ÉDITORIAL DU DIMANCHE 30 OCTOBRE 2022
Monique Lortie, M.A. phi

Serions-nous la civilisation du gazon, de l’herbe rasée ? demande Serge Bouchard dans son « petit tableau » intitulé « Le gazon » (LE MOINEAU DOMESTIQUE).

Prenons de la hauteur philosophique sur un événement malheureux qui a eu lieu il y a quelques jours, chez nous, dans notre ville de Québec.

Observer, s’étonner puis « prendre de la hauteur », voilà l’attitude du philosophe.

La semaine dernière, un bulldozer est venu piétiner, démanteler, détruire définitivement un superbe espace dévolu à des jardins communautaires sur la rue du Foulon, au pied de la côte de Sillery. L’espace de culture situé entre l’asphalte et la voie ferrée qui suit la promenade Champlain n’a, depuis plus de 50 ans, d’autre vocation que celle de permettre aux voisins-voisines de se connaître, de s’apprécier, de s’échanger des recettes culinaires et potagères. Depuis plus de 50 ans !

Mais voilà que récemment un « obsédé de la tonte et de la taille » a surgi dans l’histoire. Enivré de contrôle, et de ressentiment, un voisin bougonneux s’est donné le mandat de faire arracher ce « tas de broussaille » qu’il jugeait… inesthétique.

Notre homme a ameuté la Ville, jusqu’au CN à qui appartient cette petite bande de terrain vague entre rails et chaussée. Il en a mis du temps, notre monsieur, il en a mis de l’énergie, il en a mis de l’adrénaline avant d’arriver à son grotesque but !

La triste affaire ne serait qu’un fait divers si elle n’était, aussi, immorale.

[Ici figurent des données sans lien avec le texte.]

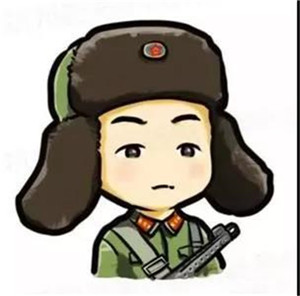 微信图片_20180328112959.jpg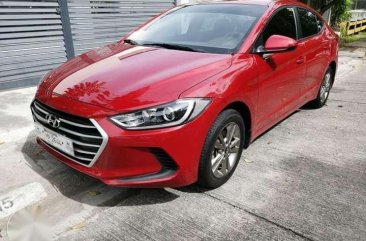 2016 hyundai elantra for sale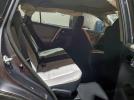 Toyota RAV4 Xle Image 11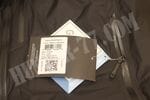 Arc'teryx ALPHA PARKA MENS Black 25683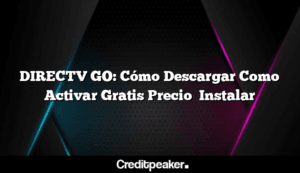 directv-go-como-descargar-como-activar-gratis-precio-instalar3-5843570-4331163-png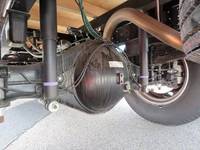 三菱ふそうキャンタークレーン5段小型（2t・3t）[写真39]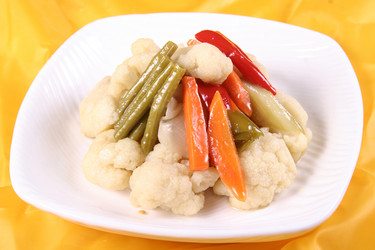 Similar image 11789179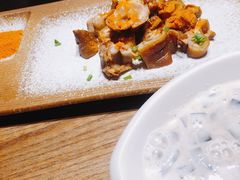 -辛香汇(飞洲店)
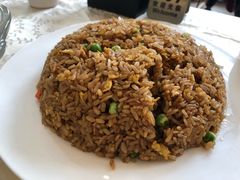 -起士林西餐厅(东经路店)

Immorale, elle l’est car elle est une affaire humaine : poursuivre son noir dessein dans le but de ravir à ses voisins une des plus merveilleuses et honnêtes joies de la vie : cultiver ses haricots, ses salades et son ail. On pourrait même ajouter, si on était philosophe, que la culture maraîchère est une de ces choses qui distinguent l’homme de l’animal. C’est dire !

Mais qu’à cela ne tienne : cet homme de colère (et de ressentiment) a eu raison des administrations pusillanimes. Je veux dire par là des administrations qui prêchent la protection de l’environnement, la sensibilisation à la nature, qui se disent « contre le béton, la poussière et la pollution », mais qui frissonnent lorsqu’un seul citoyen – un seul – élève la voix pour réclamer son plein droit au… gazon !

« Un million d’années pour en arriver là », s’écrie Bouchard indigné : interdire tout potager domestique, s’acheter des tondeuses à gazon, « tondre le gazon et aimer ça » ! Voilà l’homme aujourd’hui.

Je crains que nous ne soyons ici en plein dans le wokisme ambiant : l’exigence d’un seul qui se prétend lésé balaie la vie de tous les autres et piétine tous les principes. Au nom de l’inclusion ! L’entreprise – et sans doute aussi, l’intention – est, tout simplement, perverse.

Or les légumes sont une nourriture pour l’homme. Respecter le potager, c’est alors respecter l’homme.
Qui plus est, toutes ces activités maraîchères font de l’humain – les animaux ne font pas de potager – un être qui participe à la Création.

Déconstruire la nature est déjà très grave ; déconstruire l’humain est impardonnable.